> _DATA RECORDS_
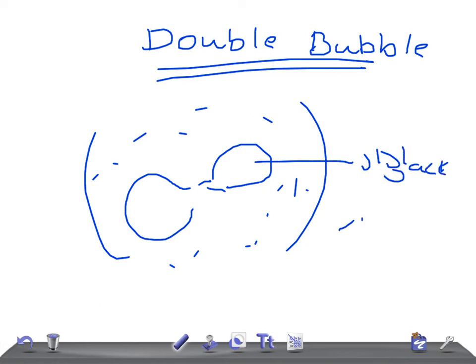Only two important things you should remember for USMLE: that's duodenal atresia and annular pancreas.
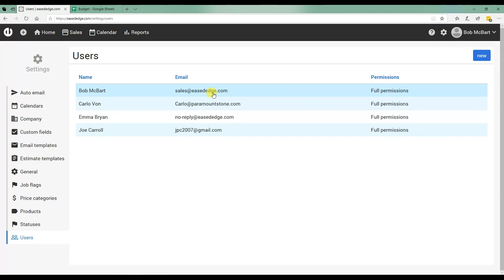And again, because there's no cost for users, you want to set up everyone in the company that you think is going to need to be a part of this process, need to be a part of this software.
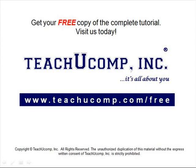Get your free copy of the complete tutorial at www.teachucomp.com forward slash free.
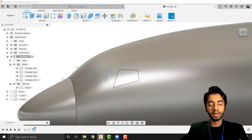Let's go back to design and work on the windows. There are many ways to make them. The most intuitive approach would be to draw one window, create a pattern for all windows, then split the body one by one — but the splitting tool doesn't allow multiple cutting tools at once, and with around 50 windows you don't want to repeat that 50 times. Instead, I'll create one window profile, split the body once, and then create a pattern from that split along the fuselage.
--
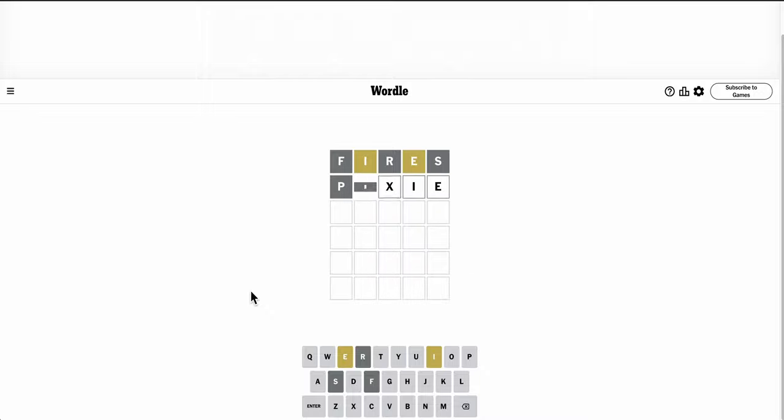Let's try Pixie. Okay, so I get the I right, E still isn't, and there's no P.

> _WHAT YOU NEED TO DO_
Copy exactly, without pictures, the lines above from the one with "Only two important" down to the one with "Let's go back", inclusive.

> _RESPONSE_
Only two important things you should remember for USMLE: that's duodenal atresia and annular pancreas.
And again, because there's no cost for users, you want to set up everyone in the company that you think is going to need to be a part of this process, need to be a part of this software.
Get your free copy of the complete tutorial at www.teachucomp.com forward slash free.
Let's go back to design and work on the windows. There are many ways to make them. The most intuitive approach would be to draw one window, create a pattern for all windows, then split the body one by one — but the splitting tool doesn't allow multiple cutting tools at once, and with around 50 windows you don't want to repeat that 50 times. Instead, I'll create one window profile, split the body once, and then create a pattern from that split along the fuselage.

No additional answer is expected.